Ahead of the October budget, the Labor has hinted it would need to find cuts to dial down the $1 trillion deficit left behind by the former government.

But, Labor will also budget for cheaper childcare and cheaper medicines in a bid to help with rising cost of living.

Mr Denniss said good government policy was a sure-fire way to keep the risk of a recession at bay.

“Don’t cut government spending too fast … If we worry too much about government debt, we can cause a recession,” he told NCA NewsWire.

“If we’re worried about a recession, we should absolutely keep spending.

“If we decided that we should halve the debt in the next five years, and we slashed government spending at a time the world economy was slowing, we could cause a recession. If we’re worried about a recession, we should absolutely keep spending.”

He said there was a case for the government helping people with cost of living pressures.

“During Covid, we made childcare free – that lowered inflation. It can massively lower the cost of living and help the economy,” he said.

“The government should be looking at ways it spends money to help people- both to help boost the incomes of low-income owners, but more importantly lower the price of things the government controls”

Dr Chalmers said introducing cost-of-living relief required the government to tread a “pretty careful” budgetary path.
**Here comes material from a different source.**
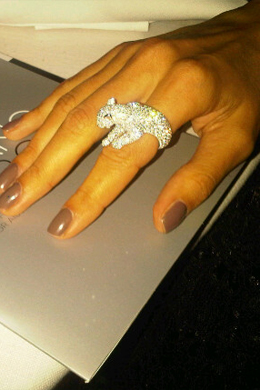 Chique: Alessandra Ambrósio usa anel <i>Cartier</i>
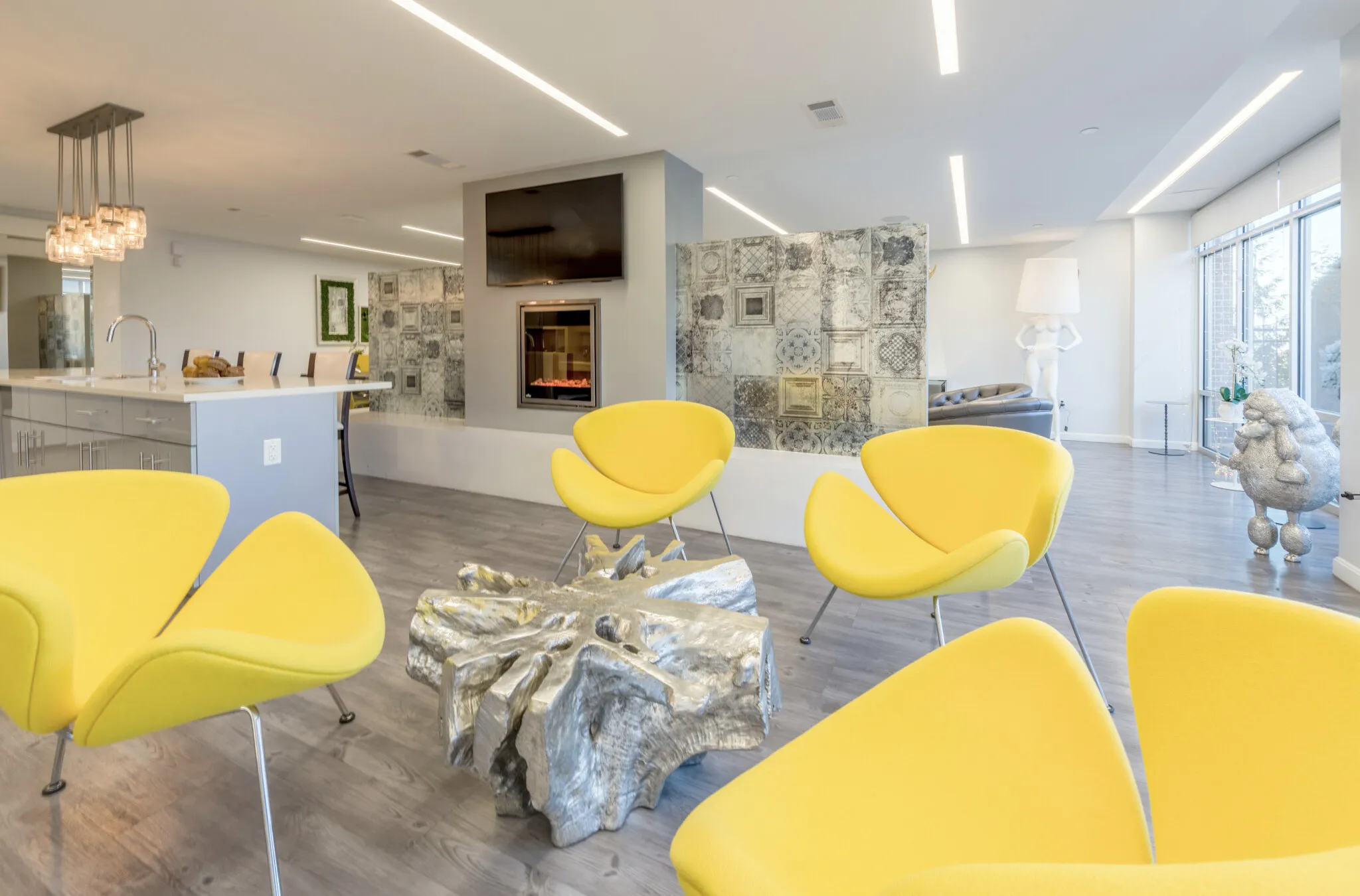 1505 Commonwealth Ave, Brighton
“Focusing on childcare relief and also relief in the cost of medicines … are good ideas, and other things we might contemplate but we are intent on being responsible economic managers and we are operating under some pretty severe constraints,” he said.

Consumers are the least confident since the beginning of the Covid-19 pandemic. Picture: NCA NewsWire / Jeremy Piper
Consumers are the least confident since the beginning of the Covid-19 pandemic. Picture: NCA NewsWire / Jeremy Piper

Consumer confidence

The latest ANZ-Roy Morgan Consumer Confidence Index has consumers the least confident since the beginning of the Covid-19 pandemic.

The monthly rating for July is 82.4 points, down from 85 in June and 90.3 in May. It’s a considerable fall from the 107.5 points in December 2021.

It’s also the lowest since April 2020, when it was 79.8 as the Covid-19 pandemic shut down the Australian economy.

Before the pandemic, consumer confidence was last that low during the early 1990s recession.

ANZ head of Australian economics David Plank said the latest inflation figures would likely drive sentiment down further.

“Headlines about another surge in actual inflation when the Q2 CPI is published will likely place some downward pressure on sentiment this week,” he said.

Mr Denniss said consumers “weren't imagining” that things were tough at the moment, and that there was no silver bullet.

But, he concluded, there is “no reason to panic” about inflation, and recession.

“Things are getting harder … And there’s no one thing any government can do to fix this,” he said.

“But hopefully governments start solving the underlying problems that are causing this.

“But we shouldn’t cause a recession in order to avoid some inflation.”